Use of whole lung lavage was not different after 24 weeks, but continued to decline in the molgramostim group during an open-label treatment extension period, Bruce C. Trapnell, MS, MD, professor of medicine and pediatrics at the University of Cincinnati College of Medicine and director of the Transitional Pulmonary Science Center at Cincinnati Children’s Hospital Medical Center, said during a presentation at the virtual European Respiratory Society International Congress.

Other improvements observed during the blinded intervention period continued to occur during the open-label treatment period, he said.

“Therapeutic benefit was greater when molgramostim was administered every day than on alternating weeks,” Trapnell said during the presentation.

Rates of adverse events and serious adverse events were similar among the three treatment groups. Twenty-two percent of patients in the continuous molgramostim group experienced chest pain compared with 4% in the intermittent molgramostim group and 2% in the placebo group.

“Compared to placebo, daily administration of inhaled molgramostim ... in patients with autoimmune [pulmonary alveolar proteinosis] resulted in greater improvement in outcomes reflecting the physiologic, radiologic, biochemical and clinical manifestations of [pulmonary alveolar proteinosis],” Trapnell said.
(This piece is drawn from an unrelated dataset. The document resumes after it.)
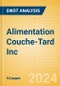 Alimentation Couche-Tard Inc (ATD) - Financial and Strategic SWOT Analysis Review - Product Thumbnail Image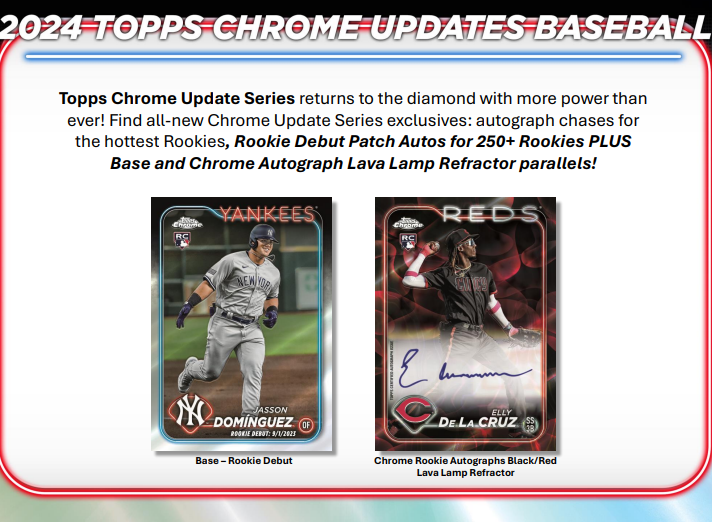 2024 Topps Chrome Update Baseball Hobby Box 6 Box Case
Inhaled molgramostim is an Escherichia coli-produced recombinant granulocyte-macrophage colony-stimulating factor that is formulated as a nebulizer solution. Currently, there is no approved therapy for autoimmune pulmonary alveolar proteinosis. Autoimmune pulmonary alveolar proteinosis is treated by whole-lung lavage.

According to the researchers, the IMPALA trial results are similar to those reported in other studies that evaluated granulocyte-macrophage colony-stimulating factor molgramostim therapy for patients with autoimmune pulmonary alveolar proteinosis.

“Further studies are needed to define the duration of treatment required to achieve maximal therapeutic benefit and the potential utility of differential dosing for induction and maintenance therapy,” Trapnell said.

Reference:

Trapnell BC, et al. NEJM. 2020;doi:10.1056/NJEMoa1913590.